Public lands in urban areas are highly valuable public resources that deserve open and efficient management following good international practice. The monetary value locked up in government held, but unused land cries out for efficient and effective land management. A commonly held view in India is that land is a scarce, highly valuable and a finite resource. Continued acquisition of private lands for public purpose has become a contentious and socially divisive issue. But any government seeking to expropriate large tracts of new land for public purpose should manage its existing land holdings in a way that not only brings in direct government revenue but also helps indirectly to sustain economic activity in and around these areas.
India is a rapidly modernizing and urbanizing society, a society that is experiencing pressures from many different directions to invest in public services, human capital and general welfare. Effective management of public land represents an opportunity to respond to these urgent needs. This should be part of a strategy for managing the government’s balance sheet in public interest. Disposing of surplus lands could free up fiscal resources for investments in other much needed public assets, such as long lived infrastructure networks that can bring benefits to society for years to come.
Some of the necessary steps towards this goal are outlined below.

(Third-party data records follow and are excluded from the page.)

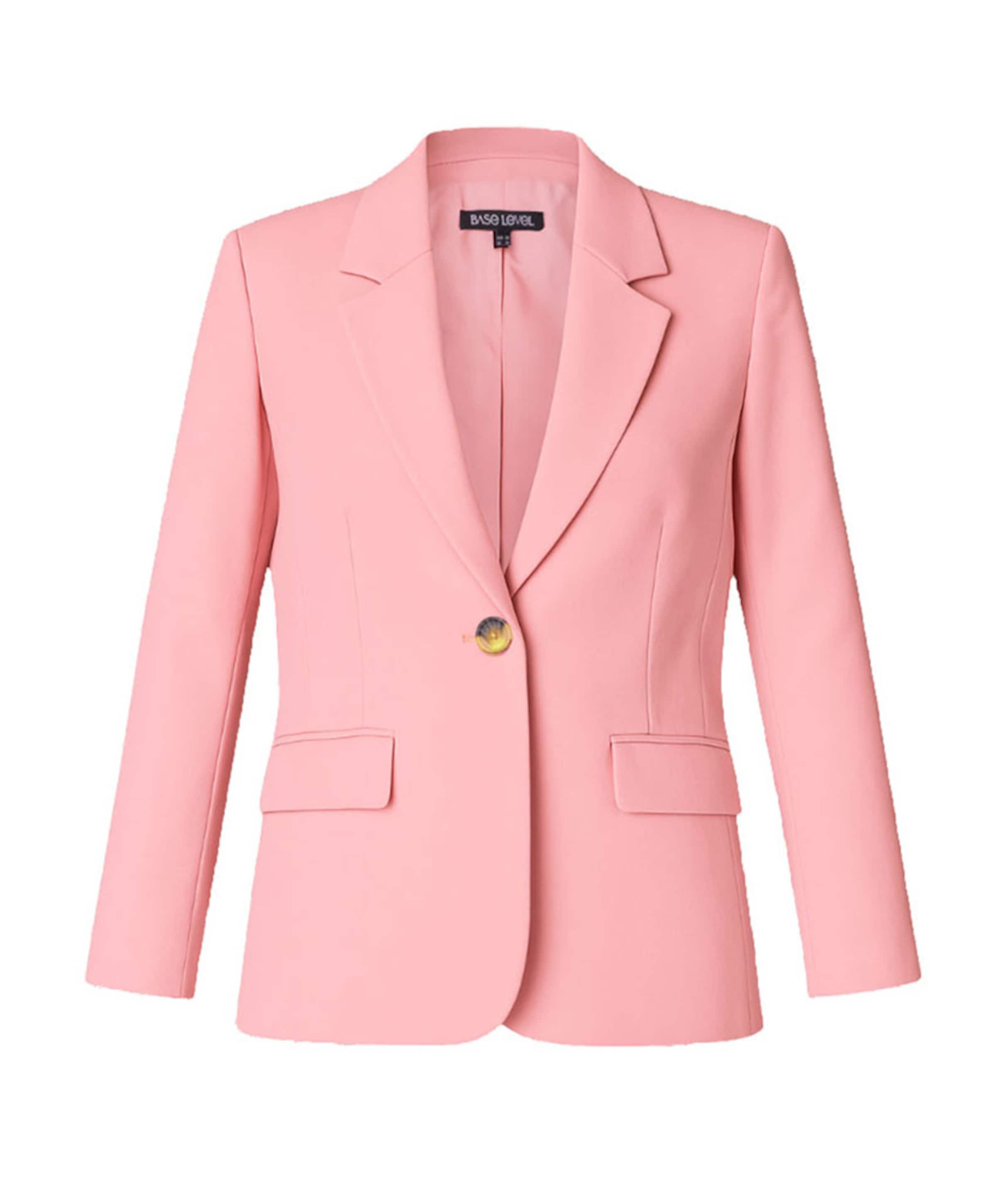 Base Level Curvy Dames blazer roze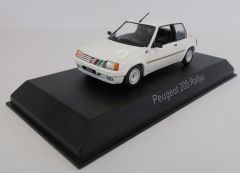 NOREV471750 - Voiture sportive PEUGEOT 205 Rallye de 1988 de couleur blanche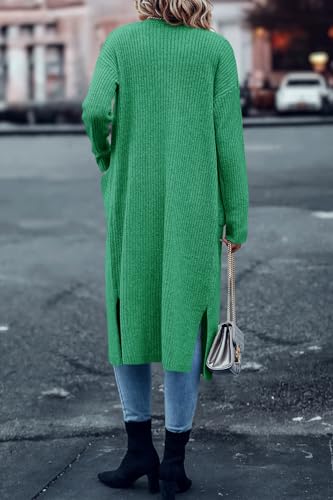 Image of Danedvi Long Cardigan Sweaters Women Trendy Open Front Coat with Pockets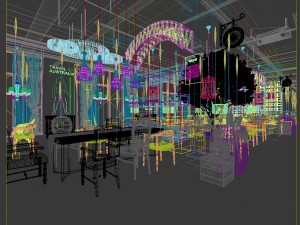 restaurant teahouse cafe drinks clubhouse 193 Modelo 3D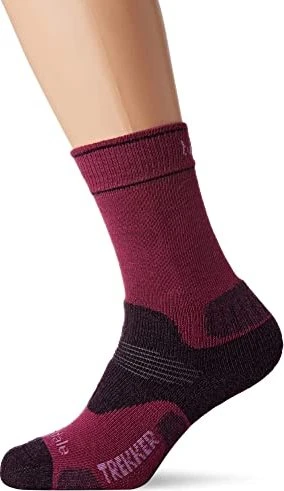 Bridgedale Trekker Wandersocken berry (Damen)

The relevant question here is not whether to release surplus government lands; this is happening and will continue. The operative question is whether the governance arrangements for management of public lands can be improved to ensure that alienation of these assets better serves the public purpose. The first lesson from international experience is that individual governmental agencies rarely, if ever, identify excess lands voluntarily to permit redisposition of lands no longer needed for their service function. Successful utilization of public lands has mostly happened when a strong centralized government agency has mandated the identification and redisposition of excess lands to ensure proactive management of these assets. The costs of holding onto lands allocated to government departments and agencies are very small. Decentralized agencies have little incentive, therefore, to get rid of them.

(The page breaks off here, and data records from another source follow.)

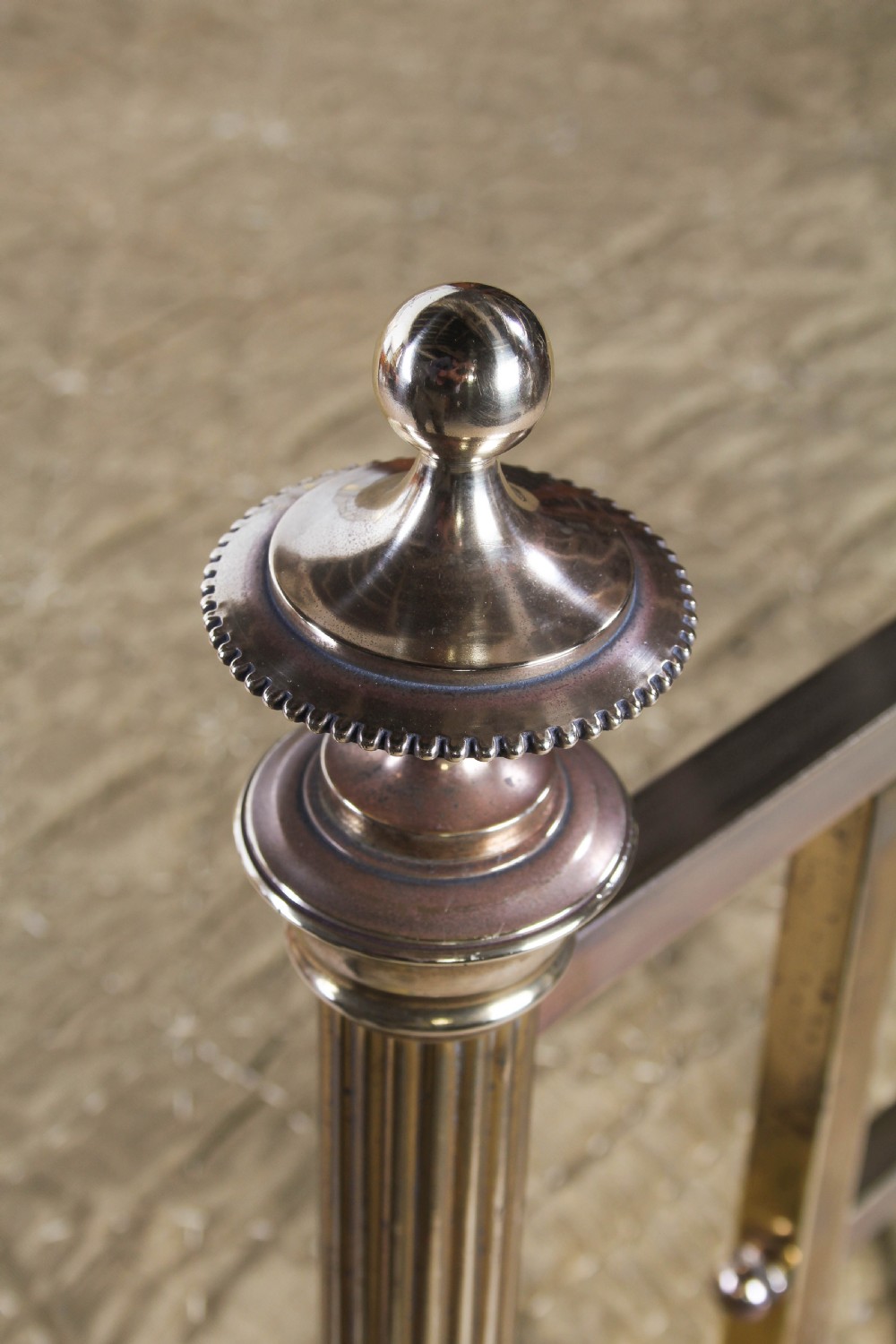 Absolutely Stunning French All Brass King Size with Lovely Detail  View XI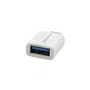 Kramer Electronics Adaptador USB-C Macho a USB-A Hembra USB 3.1 Gen 1, 5 Gbps, Blanco, AD-USB31/CAE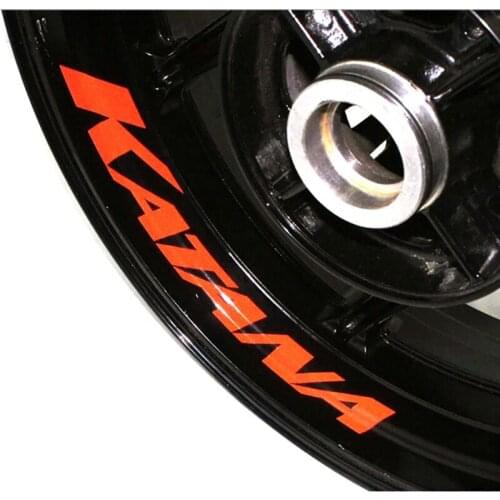 Motorcycle Wheel Sticker Decal Reflective Rim Bike Motorcycle Suitable for SUZUKI KATANA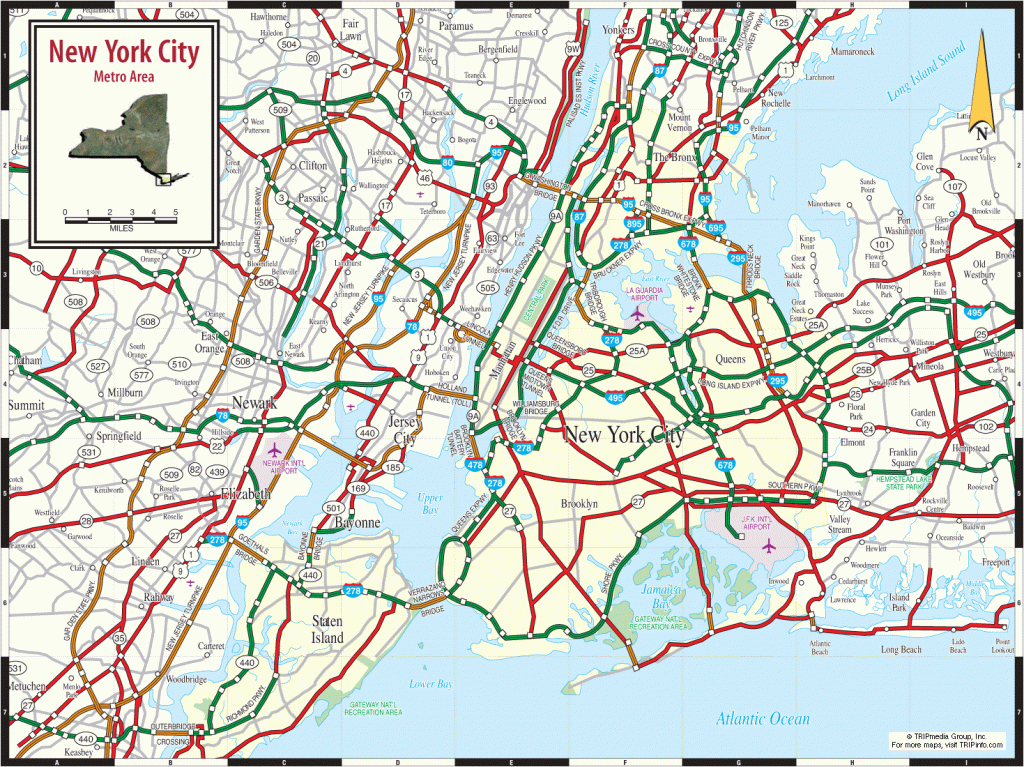 New York City Ny Map - New York Printable Map Pdf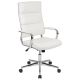 Alamont Home - Hansel Contemporary Leather/Faux Leather Panel Executive Swivel High Back Office Chair - White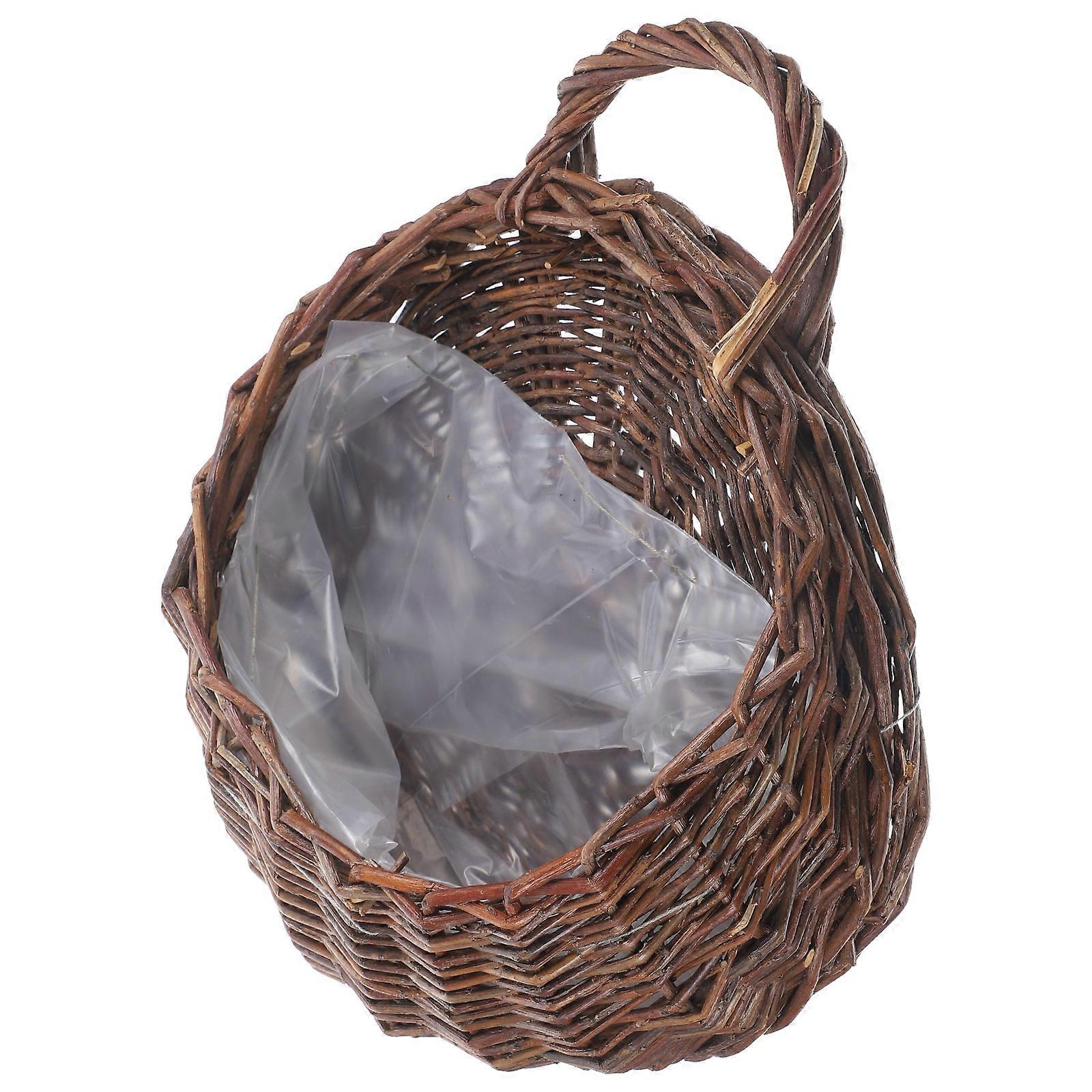 Willow Flowerpot Basket Multipurpose Hanging Containers for Organized Storage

Second, there must be a reliable and consistent inventory of public lands that allows scrutiny by higher level authorities of public land holdings, in particular Finance Ministries/Departments, to ensure that valuable assets are not held indefinitely when they could be converted to other use, public or private. The absence of a regularly updated, centralized, and consistent inventory of public lands also leaves considerable scope for alienation through sale, grant, or most likely leasing, of valuable lands without scrutiny of these transactions.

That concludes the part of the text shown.